#### REQUIRED ACTION
Give the records again exactly as written. Leave out the pictures.

[Captioned web image data]

====

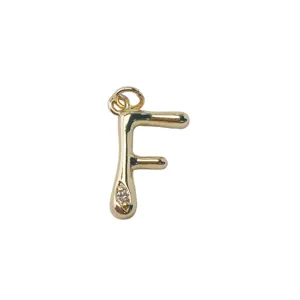 Close-up detail of a gold letter F pendant with a tiny sparkly crystal charm accessory.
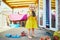 Adorable toddler girl in yellow dress having fun with large pine cone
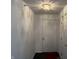 Bright entryway featuring a white front door, overhead lighting and white walls at 240 Legends Creek Pl # Apt 310, Indianapolis, IN 46229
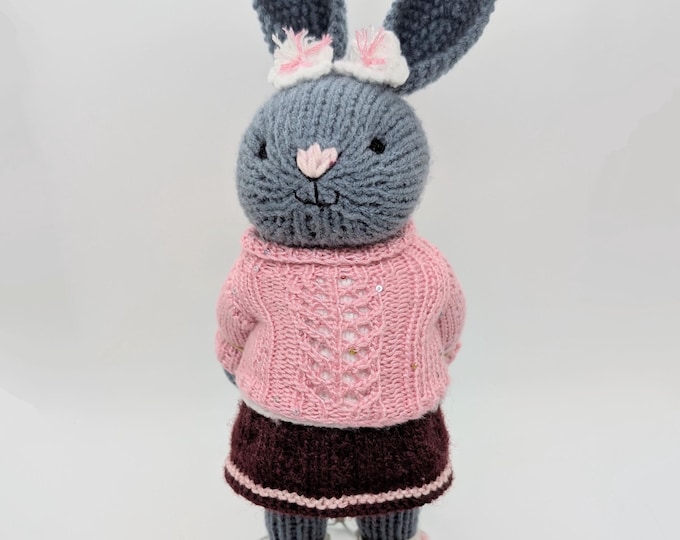 Bunny girl in marron skirt and pink jumper
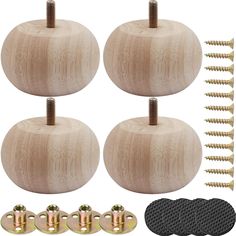 four wooden pumpkins with screws and nails on them, all in different sizes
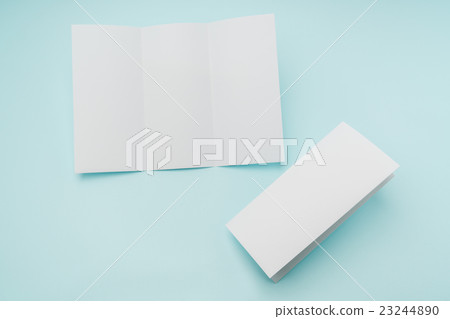 Trifold white template paper on blue background . Trifold white template paper on blue background . 23244890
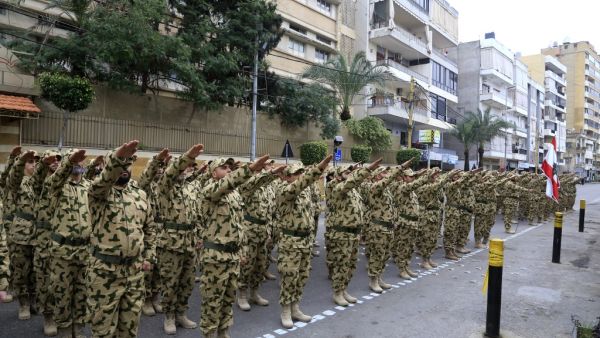 Fighters from the Lebanese Resistance Brigades (Saraya al-Muqawama al-Lubnaniya), a paramilitary group affiliated with Hezbollah, march in the streets of the capital Beirut'ssouthern suburbs to commemorate killed Hezbollah leaders, on February 14, 2020. AFP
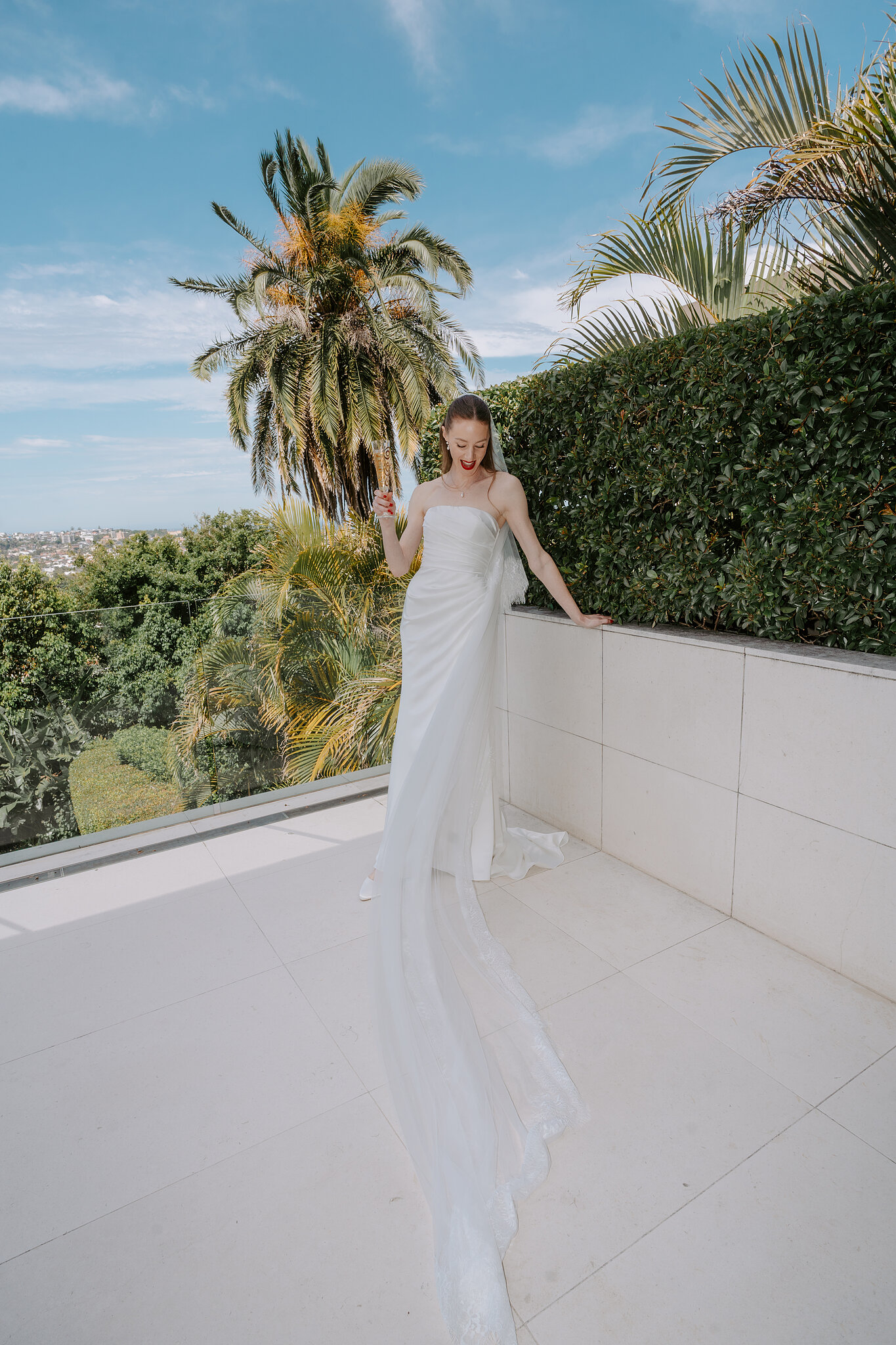 Michele on the terrace in Bellevue Hill, her long veil trailing across the tiles under the palms.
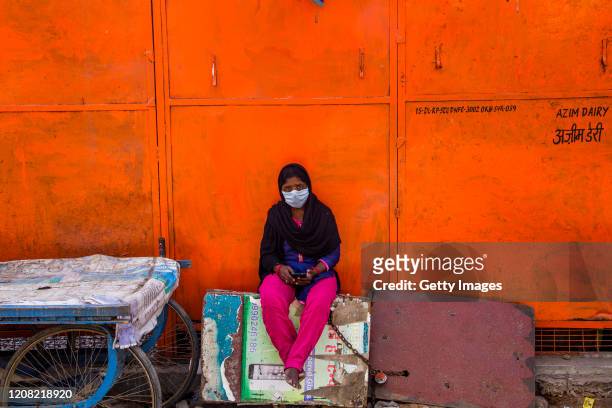 An Indian woman wearing a protective mask plays with her smart phone in a deserted commercial hub, as nationwide lockdown continues following the...
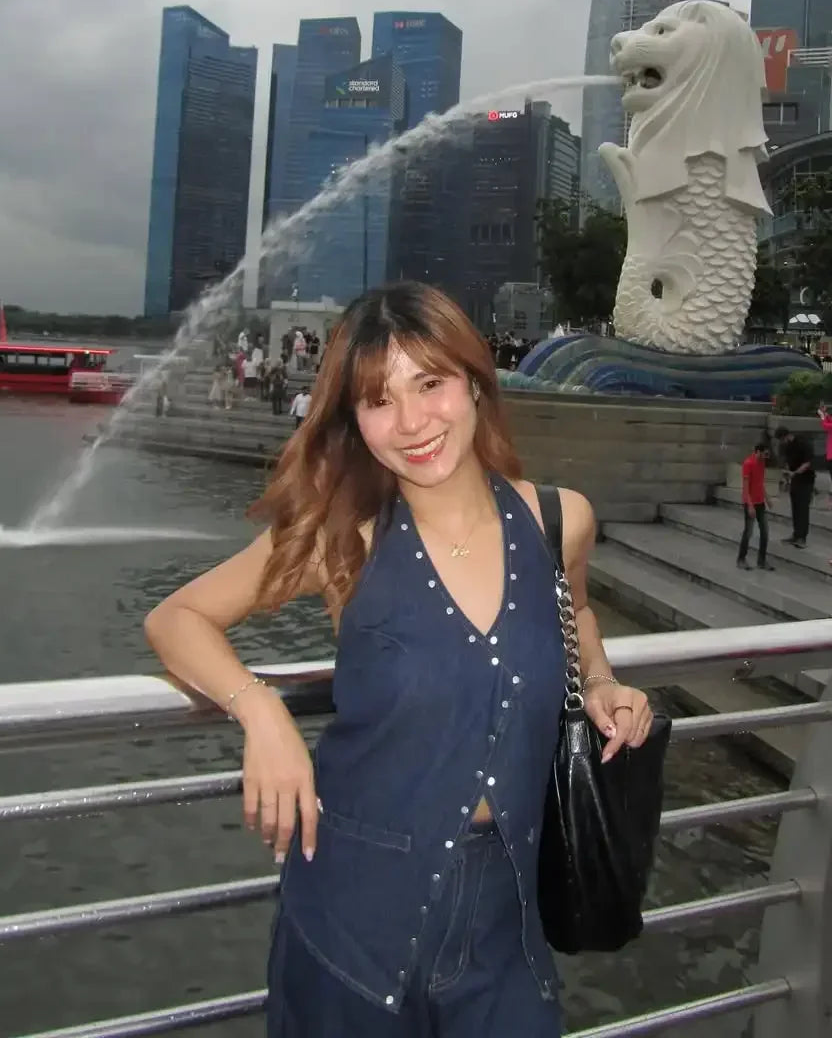 Woman posing in front of the Merlion statue in Singapore with city skyline in the background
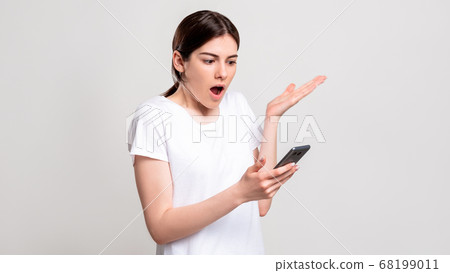 shocked woman portrait overwhelming news phone shocked woman portrait overwhelming news phone 68199011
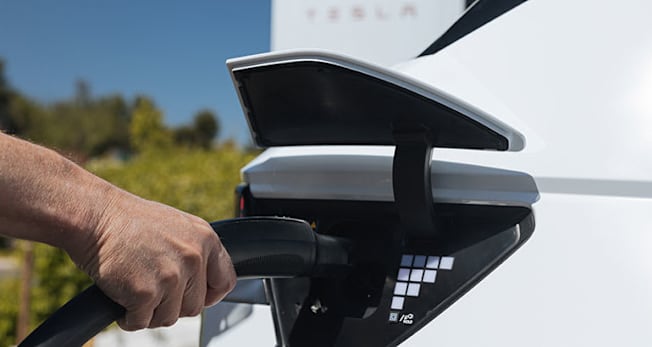 Hyundai Ioniq 5 plugged into a Tesla charger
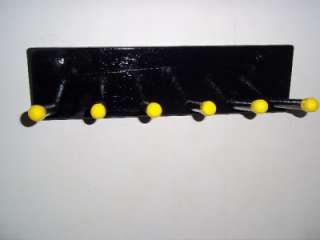 WOOD STORAGE RACK PAINTED IN BLACK WITH 6 WOOD DOWELS WITH YELLOW 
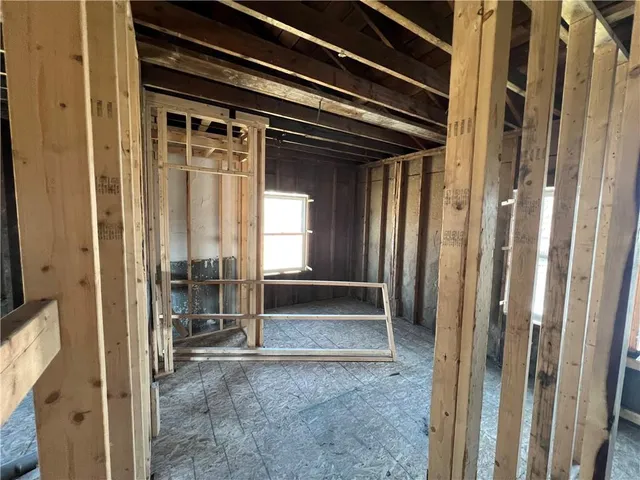 a view of an empty room with wooden floor and stairs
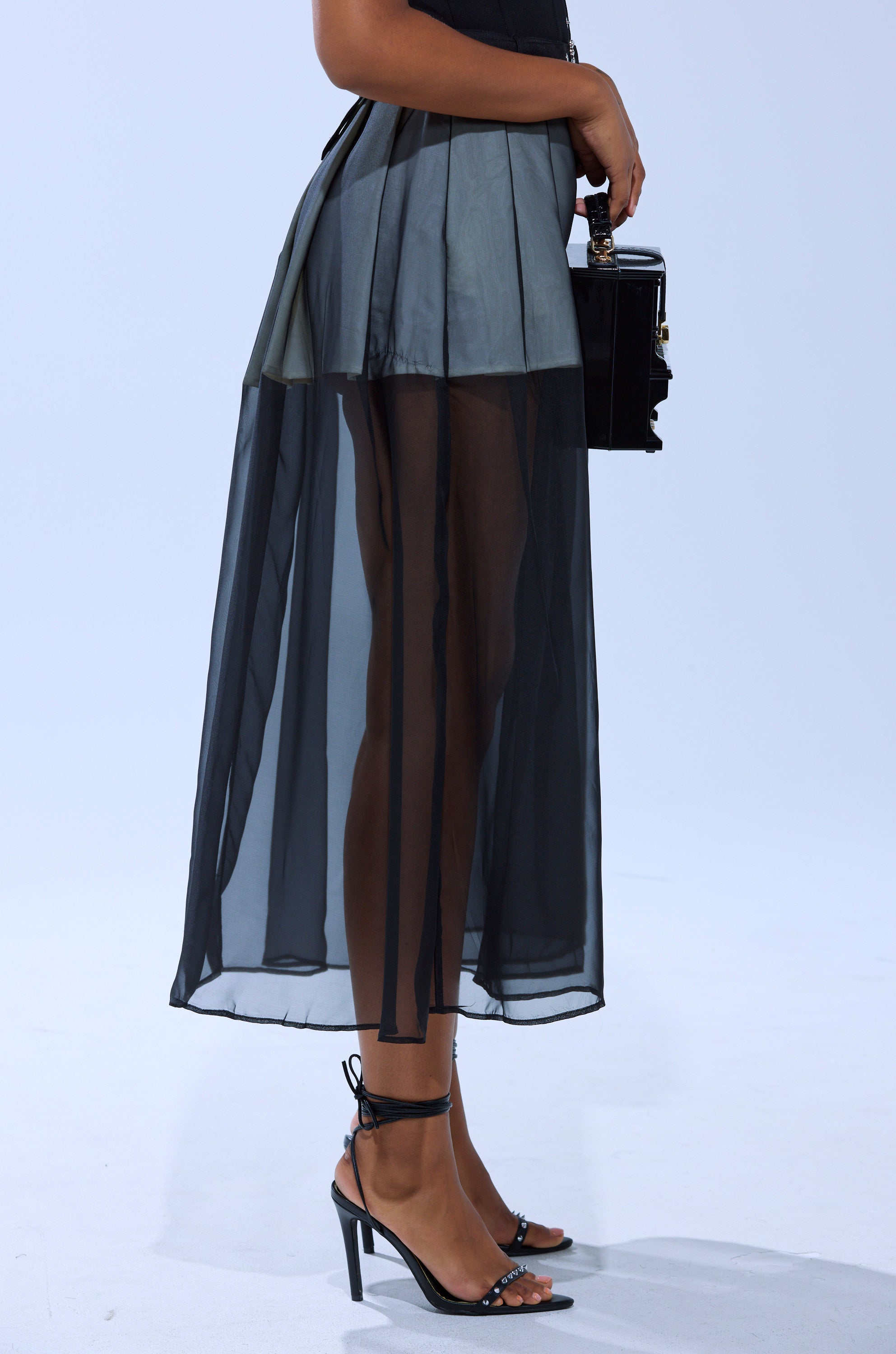 A person wearing the PARTY GIRL MIDI SKIRT paired with black strappy heels and a black handbag, standing against a plain light background.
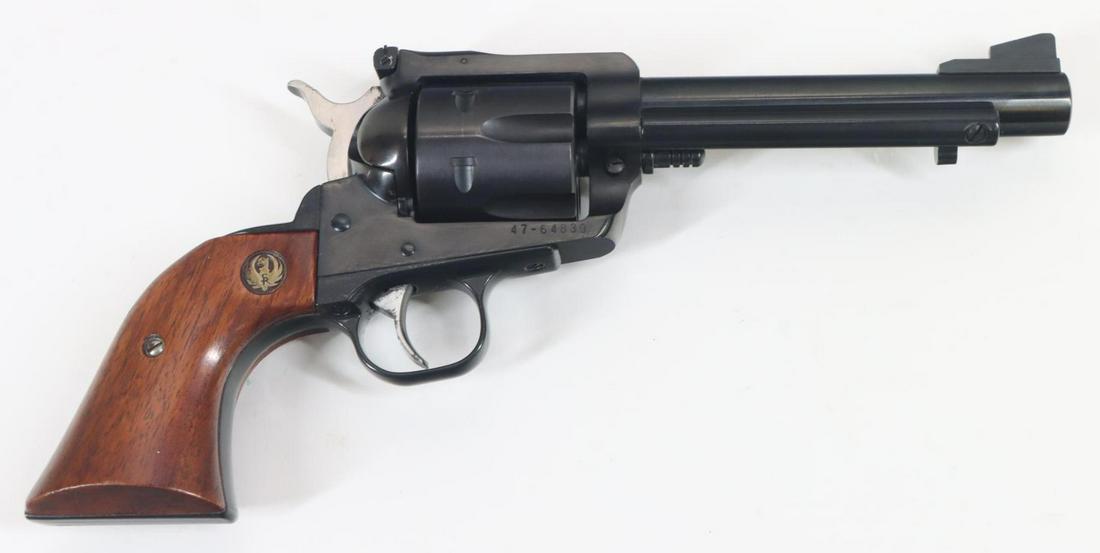 Ruger New Model Blackhawk Single Action Revolver: 45, 5 1/2" bbl, SN 47-64830. 98% blue finish shows average handling with a few scattered freckles and small scratches around cylinder center pin and underside of ejector rod shroud, good bore, adjusta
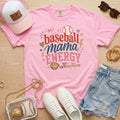Baseball Mama Energy Comfort Colors blossom pink baseball mom shirt styled as flat lay with trucker hat, sunglasses, denim shorts, and sneakers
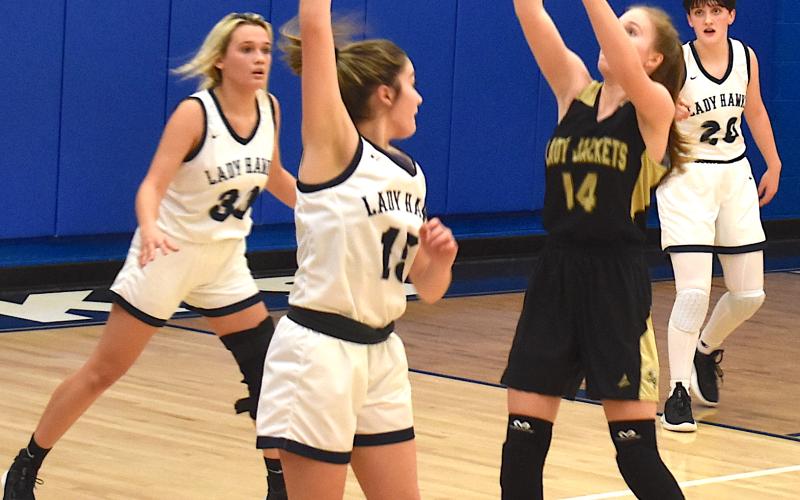 Gary Corsair • Progress Hayesville's Briley Clampitt reaches for a pass from Emma Ashe as Nantahala's defense closes in.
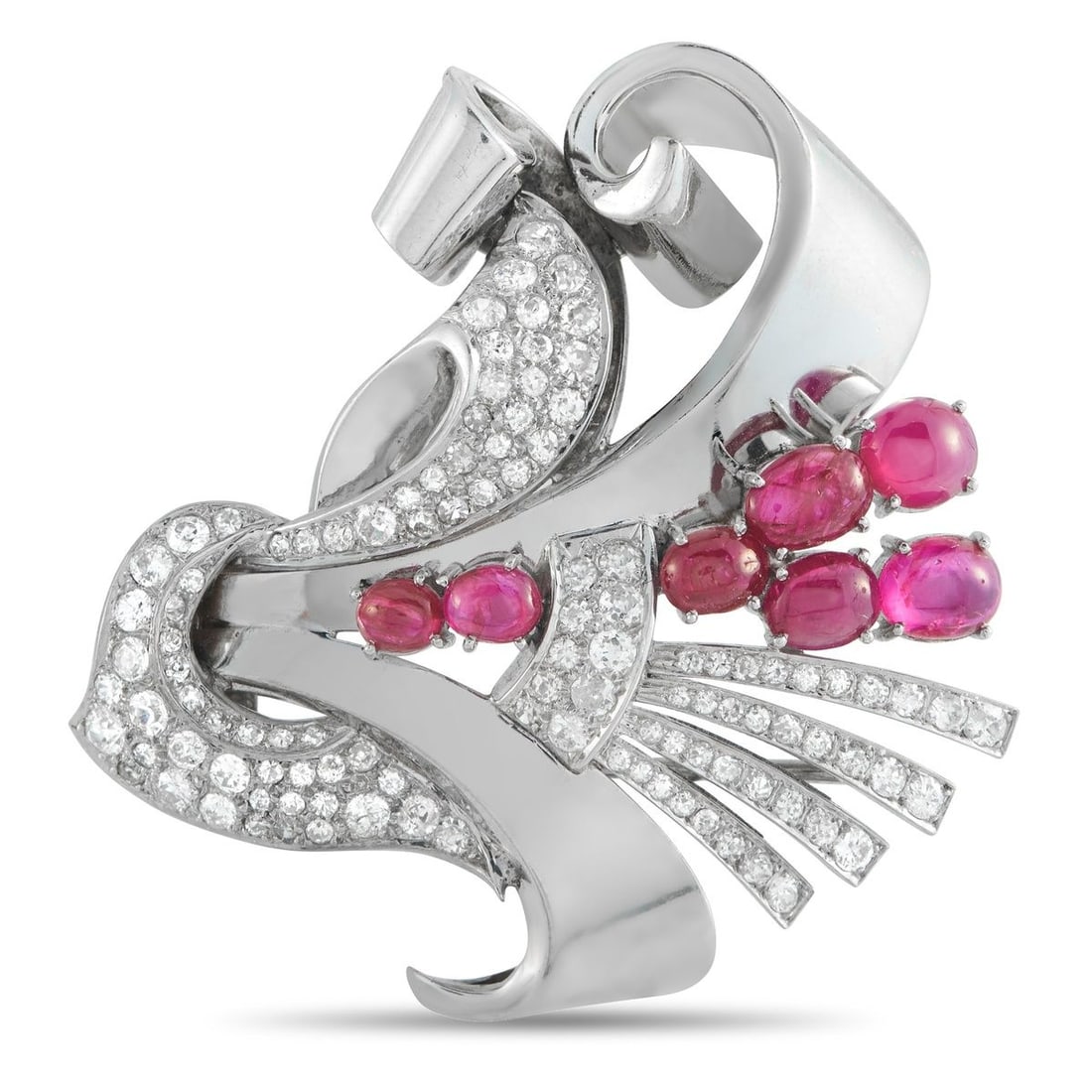 PLATINUM 2.10CT DIAMOND AND RUBY RETRO BROOCH: Designed like a stylized bouquet or floral spray, this platinum brooch features large, sweeping curves of platinum that wind around a cluster of vibrant ruby cabochon buds. The contrast between the sm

====

#### EXPECTED ANSWER
 Close-up detail of a gold letter F pendant with a tiny sparkly crystal charm accessory.
 Adorable toddler girl in yellow dress having fun with large pine cone
 Bright entryway featuring a white front door, overhead lighting and white walls at 240 Legends Creek Pl # Apt 310, Indianapolis, IN 46229
 Bunny girl in marron skirt and pink jumper
 four wooden pumpkins with screws and nails on them, all in different sizes
 Trifold white template paper on blue background . Trifold white template paper on blue background . 23244890
 Fighters from the Lebanese Resistance Brigades (Saraya al-Muqawama al-Lubnaniya), a paramilitary group affiliated with Hezbollah, march in the streets of the capital Beirut'ssouthern suburbs to commemorate killed Hezbollah leaders, on February 14, 2020. AFP
 Michele on the terrace in Bellevue Hill, her long veil trailing across the tiles under the palms.
 An Indian woman wearing a protective mask plays with her smart phone in a deserted commercial hub, as nationwide lockdown continues following the...
 Woman posing in front of the Merlion statue in Singapore with city skyline in the background
 shocked woman portrait overwhelming news phone shocked woman portrait overwhelming news phone 68199011
 Hyundai Ioniq 5 plugged into a Tesla charger
 WOOD STORAGE RACK PAINTED IN BLACK WITH 6 WOOD DOWELS WITH YELLOW 
 a view of an empty room with wooden floor and stairs
 A person wearing the PARTY GIRL MIDI SKIRT paired with black strappy heels and a black handbag, standing against a plain light background.
 Ruger New Model Blackhawk Single Action Revolver: 45, 5 1/2" bbl, SN 47-64830. 98% blue finish shows average handling with a few scattered freckles and small scratches around cylinder center pin and underside of ejector rod shroud, good bore, adjusta
Baseball Mama Energy Comfort Colors blossom pink baseball mom shirt styled as flat lay with trucker hat, sunglasses, denim shorts, and sneakers
 Gary Corsair • Progress Hayesville's Briley Clampitt reaches for a pass from Emma Ashe as Nantahala's defense closes in.
 PLATINUM 2.10CT DIAMOND AND RUBY RETRO BROOCH: Designed like a stylized bouquet or floral spray, this platinum brooch features large, sweeping curves of platinum that wind around a cluster of vibrant ruby cabochon buds. The contrast between the sm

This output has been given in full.